Title: Under the Never Sky
Author: Veronica Rossi
Publisher: Harper Collins
Publication Date: 3 January 2012
Format: Ebook - EPUB
Genre: Dystopia / YA
Source: ARC from NetGalley
Since she’d been on the outside, she’d survived an Aether storm, she’d had a knife held to her throat, and she’d seen men murdered. This was worse.
Exiled from her home, the enclosed city of Reverie, Aria knows her chances of surviving in the outer wasteland—known as The Death Shop—are slim. If the cannibals don’t get her, the violent, electrified energy storms will. She’s been taught that the very air she breathes can kill her. Then Aria meets an Outsider named Perry. He’s wild—a savage—and her only hope of staying alive.
A hunter for his tribe in a merciless landscape, Perry views Aria as sheltered and fragile—everything he would expect from a Dweller. But he needs Aria’s help too; she alone holds the key to his redemption. Opposites in nearly every way, Aria and Perry must accept each other to survive. Their unlikely alliance forges a bond that will determine the fate of all who live under the never sky. (Goodreads Synopsis)
This is a book that had a great premise and one I had already heard some good things about. Sadly, I came away a tad disappointed.

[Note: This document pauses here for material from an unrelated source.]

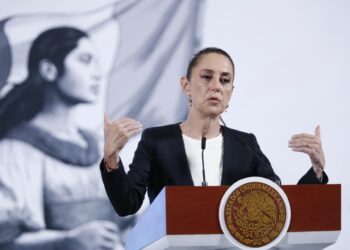 Sheinbaum reconoce que México está «en un momento muy definitivo» tras aranceles de EE.UU.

The idea is great and I loved the world-building and the way the scene was set. The book opened strongly with a storyline that capture my interest from the first page and I was excited to see where Rossi would take it. My level of enthusiasm lasted for about three quarters of the book, but then I just felt that the story started to lag. A lot of things are revealed and we are given a glimpse at what might happen in book two, but I never got any sense of excitement or anticipation from what could have been a great cliff-hanger ending. I felt the final chapter or so could have been taken out and used at the start of book two. Perhaps that would have left us on a higher note of tension. As it was, I closed the book thinking 'Oh, okay then'.
Aria and Perry were okay as characters and I liked the dual third person narration that allowed us to get viewpoints from both characters. Even so, neither of them really jumped out at me and I felt no great bond with either. They just weren't especially likeable. Perry is pretty much a stereotype brooding hero and Aria seems a bit of a spoilt brat for a chunk of the book.
At the end of the day though, I gave this book three stars. Despite the issues I had with it, it was still a fabulous storyline and there was excellent world-building and some great ideas in it. I would still be keen to read book two to see where Rossi will take things.